Singapore reports August trade Monday. NODX are expected to rise 11.8% y/y vs. 8.5% in July. The economy has been strengthening, but inflation remains very low. The next MAS meeting is in October. While no change to the S$NEER is expected, the MAS may tweak its language to signal an adjustment at the April meeting.
Hungary central bank meets Tuesday and is expected to keep rates steady at 0.90%. However, we think the bank is likely to ease further by unconventional means. It has reduced the cap on commercial bank access to 3-month deposits quarterly, and will likely do so again at this meeting.
Poland reports August industrial and construction output, PPI, and real retail sales Tuesday. Consensus y/y gains are 5.9%, 24.0%, 3.0%, and 6.7%, respectively. While the economy remains robust, central bankers remain extraordinarily dovish. Some officials are saying no hikes at all in 2018. Next policy meeting is October 4, no change seen then.
Malaysia reports August CPI Wednesday, which is expected to rise 3.1% y/y vs. 3.2% in July. Bank Negara doesn’t have an explicit inflation target, but falling price pressures should allow it to keep rates on hold for now. Next policy meeting is November 9, no change seen then.
Taiwan reports August export orders Wednesday, which are expected to rise 8.5% y/y vs. 10.5% in July. The central bank then meets Thursday and is expected to keep rates steady at 1.375%. Taiwan reports August IP Friday, which is expected to rise 2% y/y vs. 2.38% in July. The economic outlook remains solid, but low inflation should allow the central bank to remain on hold for now.
South Africa reports August CPI Wednesday, which is expected to rise 4.9% y/y vs. 4.6% in July. This would still be within the 3-6% target range. SARB then meets Thursday and is expected to cut rates 25 bp to 6.5%. Lower rates and a widening current account deficit that’s financed by hot money is not a good combination.

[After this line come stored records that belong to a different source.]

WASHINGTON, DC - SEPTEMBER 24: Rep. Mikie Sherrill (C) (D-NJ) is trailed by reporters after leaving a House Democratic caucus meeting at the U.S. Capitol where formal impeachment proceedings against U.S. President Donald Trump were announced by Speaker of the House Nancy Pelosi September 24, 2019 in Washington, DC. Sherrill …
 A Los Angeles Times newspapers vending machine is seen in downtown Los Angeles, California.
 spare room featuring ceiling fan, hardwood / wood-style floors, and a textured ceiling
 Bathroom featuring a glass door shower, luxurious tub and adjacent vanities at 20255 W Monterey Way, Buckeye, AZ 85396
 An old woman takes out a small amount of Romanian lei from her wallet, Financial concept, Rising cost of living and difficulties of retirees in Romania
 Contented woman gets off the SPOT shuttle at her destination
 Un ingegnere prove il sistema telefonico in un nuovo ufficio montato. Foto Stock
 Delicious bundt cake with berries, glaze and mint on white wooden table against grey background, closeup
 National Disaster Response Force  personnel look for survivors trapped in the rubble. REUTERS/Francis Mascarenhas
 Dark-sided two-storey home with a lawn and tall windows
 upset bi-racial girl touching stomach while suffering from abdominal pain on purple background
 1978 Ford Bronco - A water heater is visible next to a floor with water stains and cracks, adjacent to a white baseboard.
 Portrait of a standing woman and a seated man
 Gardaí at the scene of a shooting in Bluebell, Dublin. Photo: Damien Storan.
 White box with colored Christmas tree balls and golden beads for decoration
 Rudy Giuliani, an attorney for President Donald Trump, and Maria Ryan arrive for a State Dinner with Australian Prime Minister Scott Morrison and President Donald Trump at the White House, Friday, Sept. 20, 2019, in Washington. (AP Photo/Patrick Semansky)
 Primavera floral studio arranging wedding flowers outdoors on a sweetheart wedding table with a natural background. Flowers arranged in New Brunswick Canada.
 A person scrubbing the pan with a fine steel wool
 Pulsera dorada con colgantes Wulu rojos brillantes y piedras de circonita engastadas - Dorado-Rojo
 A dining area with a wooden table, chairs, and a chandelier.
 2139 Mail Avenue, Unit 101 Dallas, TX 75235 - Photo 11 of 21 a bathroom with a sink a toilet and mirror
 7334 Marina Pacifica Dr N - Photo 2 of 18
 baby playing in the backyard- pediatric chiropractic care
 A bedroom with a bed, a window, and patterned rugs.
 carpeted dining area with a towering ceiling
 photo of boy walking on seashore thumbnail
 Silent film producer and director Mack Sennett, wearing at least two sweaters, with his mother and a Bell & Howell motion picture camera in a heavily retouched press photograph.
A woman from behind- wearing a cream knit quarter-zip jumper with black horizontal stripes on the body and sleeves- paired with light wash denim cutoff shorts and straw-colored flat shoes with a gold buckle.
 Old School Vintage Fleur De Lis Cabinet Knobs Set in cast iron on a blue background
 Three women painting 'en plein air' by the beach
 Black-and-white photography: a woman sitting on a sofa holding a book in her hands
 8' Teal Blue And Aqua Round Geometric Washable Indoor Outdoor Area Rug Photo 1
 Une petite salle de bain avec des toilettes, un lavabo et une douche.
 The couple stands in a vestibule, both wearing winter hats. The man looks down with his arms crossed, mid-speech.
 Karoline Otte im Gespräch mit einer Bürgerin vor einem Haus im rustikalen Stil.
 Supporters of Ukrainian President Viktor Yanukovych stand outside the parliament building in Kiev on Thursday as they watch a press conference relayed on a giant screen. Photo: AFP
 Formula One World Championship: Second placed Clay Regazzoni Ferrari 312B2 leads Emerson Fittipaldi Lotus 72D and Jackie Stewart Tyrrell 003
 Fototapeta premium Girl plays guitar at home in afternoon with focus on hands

Korea reports trade data for the first 20 days of August Thursday. Export growth has been robust, but imports are growing even faster. This has led to slight deterioration of the external balances. Still, exporters should be happy that the key JPY/KRW cross remains firmly above 10.
Philippine central bank meets Thursday and is expected to keep rates steady at 3.0%. Inflation was 3.1% y/y in August, just above the 3% target and within the 2-4% target range. The economic outlook remains good, but Moody’s noted that political risk is rising. Indeed, Defense Secretary Lorenzana said President Duterte is still considering declaring martial law in the entire country.
Brazil central bank releases its quarterly inflation report Thursday. Brazil also reports mid-September IPCA inflation that same day, which is expected at 2.57% y/y vs. 2.68% in mid-August. COPOM signaled a slower pace of easing ahead, and so we look for a 75 bp cut to 7.5% at the October 25 meeting followed by a 50 bp cut to 7.0% at the December 6 meeting.
Bank Indonesia meets Friday and is expected to keep rates steady at 4.5%. Inflation was 3.8% y/y in August, just below the 4% target and within the 3-5% target range. BI surprised markets with a 25 bp cut at the August 22 meeting, but another cut so soon seems unlikely. We believe another cut will be seen in Q4, however. High yields have attracted foreign portfolio investment, but more rates will surely impact these inflows.
Mexico reports mid-September CPI Friday, which is expected to rise 6.60% y/y vs. 6.59% y/y in mid-August. Inflation remains well above the 3% target and the 2-4% target range, but appears to be topping out as August full month reading was 6.7%. Bloomberg consensus sees the first rate cut in Q2 2018, and we concur. Next policy meeting is September 28, no change seen then.